Veel baby's nemen vaste voeding na een borst- of flesvoeding, die zowel hun zuigbehoefte bevredigt als snel hun honger stilt. Vaste voeding introduceren voor de leeftijd van 4 maanden wordt niet aanbevolen. Zuigelingen jonger dan 4 maanden hebben geen vast voedsel nodig als voeding, kunnen nog niet gemakkelijk vast voedsel doorslikken en moeten niet gedwongen worden gevoed met een lepel of door babyvoeding met flesvoeding te mengen.

Zuigelingenvoeding bestaat uit granen met één korrel (zoals met ijzer verrijkte rijstgranen) en een verscheidenheid aan gepureerd fruit, groenten en vlees. Artsen denken niet langer dat het uitmaakt in welke volgorde deze voedingsmiddelen worden geïntroduceerd. Als je met nieuwe voeding begint, kan het een aantal weken duren voordat een zuigeling de nieuwe voeding lekker begint te vinden. Het is dus belangrijk dat ouders niet opgeven na de eerste of tweede poging als de zuigeling een bepaalde nieuwe voeding niet lekker lijkt te vinden.
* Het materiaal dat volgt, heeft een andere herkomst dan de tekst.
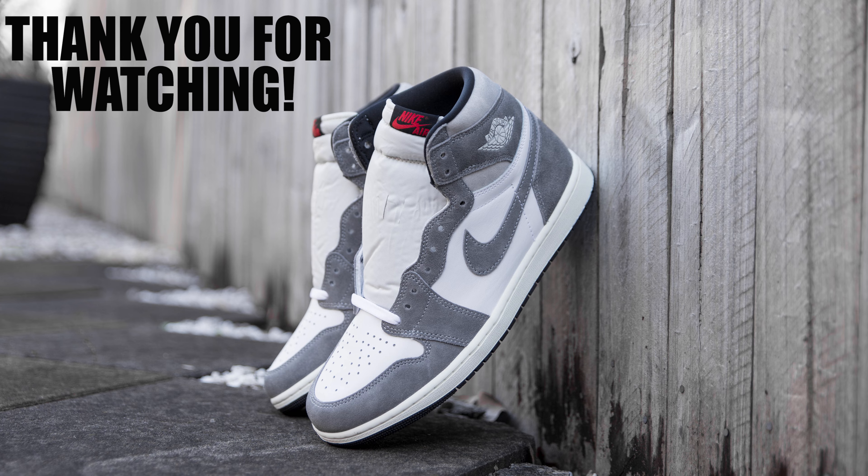The Nike Swoosh on the mid panel is also constructed with gray suede, whilst the Air Jordan Wings logo is painted in a sail color. The medial side of the shoe is much like the lateral side, minus the Air Jordan Wings logo. The tongues are constructed with an off-white colored canvas and have the classic Nike Air logo stitched at the top, which is red in color with a black background.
Het voedsel moet op een lepel worden aangeboden, zodat de baby de nieuwe voedingstechniek leert. Op de leeftijd van 6 tot 9 maanden kunnen baby's voedsel vastpakken en naar hun mond brengen en moeten ze worden aangemoedigd om zichzelf te helpen voeden. Zelf gepureerde voeding is goedkoper dan commerciële babyvoeding en biedt voldoende voeding. Commerciële bereidingen van wortelen, bieten, rapen, raapstelen en spinazie hebben echter de voorkeur voor baby's jonger dan 1 jaar omdat ze gescreend worden op nitraten. Hoge nitraatniveaus, die methemoglobinemie (een aandoening die het vermogen van het bloed om zuurstof te vervoeren aantast) kunnen veroorzaken bij jonge kinderen, worden aangetroffen in groenten die worden geteeld met water dat is verontreinigd door kunstmest.
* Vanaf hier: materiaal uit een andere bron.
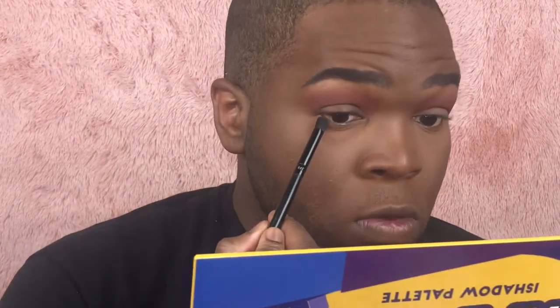Now I'm going to use an e.l.f. dome-style fat pencil brush and go into that same brown shade, dragging it along my lower lash line.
Hoewel baby's graag zoet eten, is suiker geen essentiële voedingsstof en mag het alleen in kleine hoeveelheden worden gegeven, als het al wordt gegeven. Gezoete dessertvoeding is niet goed voor baby's. Sap is een slechte voedingsbron, draagt bij aan gaatjes en moet worden beperkt tot 4 tot 6 ons per dag of helemaal worden vermeden.

Voedingsmiddelen die je moet vermijden zijn:

  • Honing (tot de leeftijd van 1 jaar) omdat het sporen van Clostridium botulinum kan bevatten, die onschadelijk zijn voor oudere kinderen en volwassenen, maar botulisme kunnen veroorzaken bij baby's.
  • Voedingsmiddelen die gemakkelijk verstikking kunnen veroorzaken of kunnen worden ingeademd (tot de leeftijd van 2 of 3 jaar), waaronder hele noten of bonen, harde snoepjes, sojabonen, popcorn, hotdogs, vlees (tenzij het gepureerd is) en druiven (tenzij ze in heel kleine stukjes zijn gesneden).

Zuigelingen kunnen voedselallergieën ontwikkelen. Als er in een korte periode veel verschillende voedingsmiddelen worden gegeven, is het moeilijk om te bepalen welke de reactie heeft veroorzaakt. Vanwege dit probleem moeten ouders nieuwe voedingsmiddelen met maar één ingrediënt één voor één introduceren, ongeveer om de 3 tot 5 dagen. Als duidelijk is dat een voedingsmiddel wordt verdragen, kan een ander voedingsmiddel worden geïntroduceerd.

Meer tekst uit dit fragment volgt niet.